Tweet of the Day
It’s gotta be really embarrassing not only when your dad—super famous for being one of the best cornerbacks in NFL history—is on Twitter. He’s always ruining your chances at sounding cool, in a very public way:
— Deion Sanders (@DeionSanders) April 2, 2015
Water Fight – In a ruling “with widespread implications for future water battles in drought-prone Texas,” according to the Texas Tribune, an appeals court ruled that “Texas cannot give special treatment to cities or power generators over more “senior” water rights holders on parched rivers—even if the state declares it necessary to protect the ‘public health, safety and welfare.’” Depending on how you look at the ruling, it kind of sounds like a terrible future in which corporations literally control life and death. The case originated when Dow Chemical—by far the largest water user of the Brazos river—claimed it had proprietary rights to the water, which by law it did as it has the oldest water rights. “Dow issued a series of priority calls beginning in 2009 asserting its ‘senior’ right to divert water from the Brazos River—and force ‘junior’ water rights holders to curtail their use.” The story ends with a kicker about where Texas stands with regard to public rights. “If it’s something that’s for the public … the public can pay for it,” said an assistant general counsel for the Texas Farm Bureau.

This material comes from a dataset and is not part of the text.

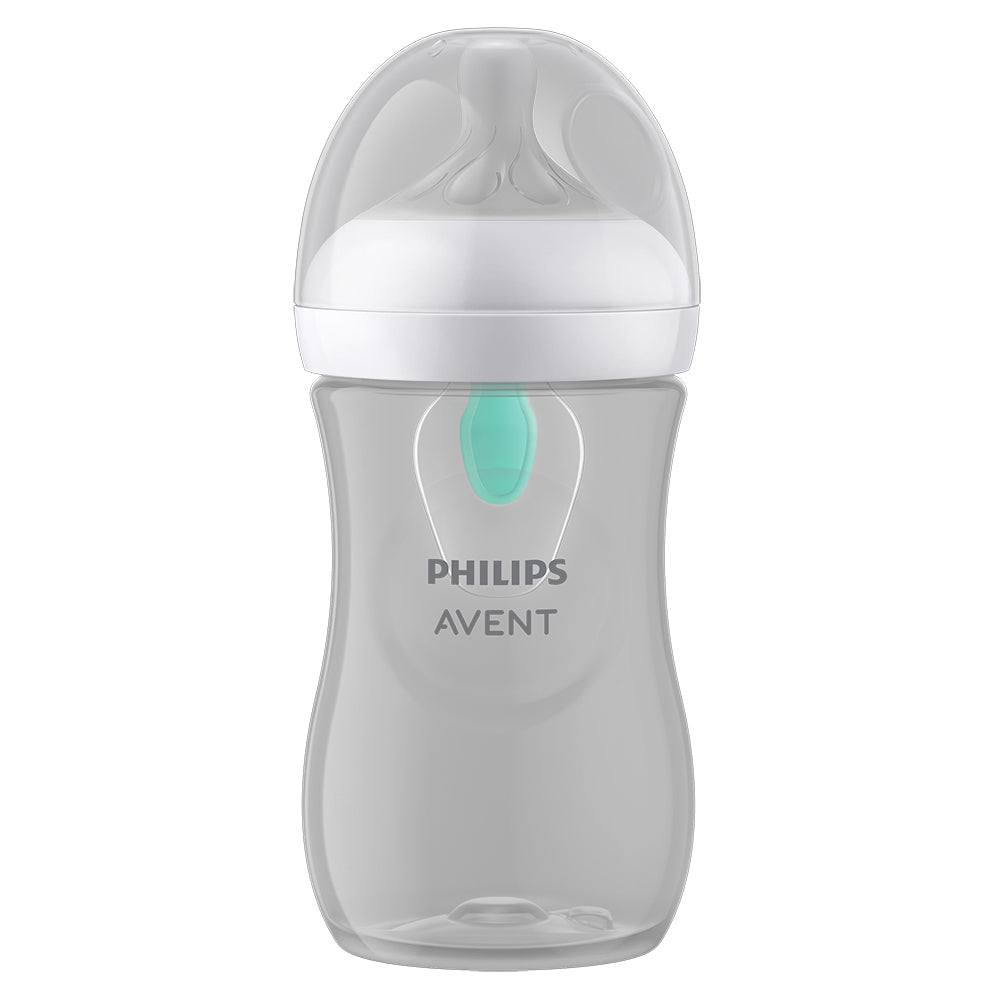 Avent Natural Response 260ml Anti-Colic Bottle With AirFree Vent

Some Tolerance – Thanks to the controversy surrounding Indiana’s religious freedom law—the one many, many opponents say opens the door to discrimination, particularly against the LGBT community—Texas’s own such law is getting renewed attention. As most stories about the Texas law note, however, ours is relative good: it passed with bipartisan support and has the backing of the ACLU. It also has a pretty remarkable history. “The impetus was a case that involved an American Indian who took peyote as part of a religious ceremony and then lost his job,” writes the Dallas Morning News. Despite the fact that the measure is working, or perhaps because the measure appears to be working well, some lawmakers want a change. “A number of state legislators this session are attempting to ‘enhance” Texas’ religion freedom laws,” according to the Houston Chronicle. However, the lawmakers have scaled back some of their attempts thanks to a “intense opposition from the business community, agreeing to tweak their bills to ameliorate concerns that it targets the gay community. Civil rights and business groups, however, say the changes do not go far enough, voicing hope that the outcry lobbed at similar proposals in Indiana, and now Arkansas, will kill the legislation before it gains legs in Texas.” Some lawmakers are calling the response an “overreaction.” Regardless, it’s still something worth keeping an eye on even if it’s “unclear whether any of the Texas proposals will even get a committee hearing this session.”
First Leg of Cruz – The Ted Cruz presidential campaign is really taking off. There’s the successful first fundraising effort in which Cruz raised $4 million in a single week. Then there’s the renewed focus on Cruz himself. As if he didn’t get enough attention when he attempted his “filibuster,” the New York Times takes a look at the budding presidential contender and what his impact will be in Texas. “There is no doubt that Mr. Cruz will have a slice of Texas Republicans on his side, but the question remains how large that slice will be among a crowded field of potential Texas-themed rivals that besides Rick Perry, the former governor, also includes Jeb Bush and Senator Rand Paul of Kentucky,” writes the NYT. The piece basically highlights Cruz’s hurdles—his lack of popularity among moderate Republicans, his long-standing beef with Perry—but reminds everyone (themselves included, hopefully) that “the battle for Republican endorsements, volunteers and money in Texas remains in its early stages, 11 months from the state’s primary.” In the meantime, Cruz is pushing forward with seeking homegrown support. Yesterday, Cruz “approached Texas A&M International University about speaking at the Laredo college’s spring commencement,” according to the student newspaper, The Bridge.
Swamp Thing Defeated? – Good news for any and everyone hoping to relax on Galveston’s beaches this summer. “The masses of seaweed that plagued the area last summer seem to be turning toward the Caribbean and Mexico’s Yucatan Peninsula,” according to the Houston Chronicle. Some may recall the huge seaweed attack from last year, with the resulting twenty-foot-high piles bulldozed on the beach looking like invading green blobs. Or perhaps the seaweed was an attraction? “Despite the smell of rotting seaweed and blocked beaches that soured some tourists on Galveston, they kept coming, said Mario Rabago, Galveston Park Board deputy director. Hotel Occupancy Tax revenue, a tax on rooms rented by tourists, last year rose to $75.28 million during the peak tourism months, May-September, from $70.22 million in 2013 and $66.35 million in 2012, according to figures from the Galveston Island Convention Center and Tourism Bureau.” Turning lemons into lemonade, the Park Board even had “bucket brigades,” in which visitors were encouraged to, um, tour the seaweed as part of a nature lesson – the piles were “teeming with life.”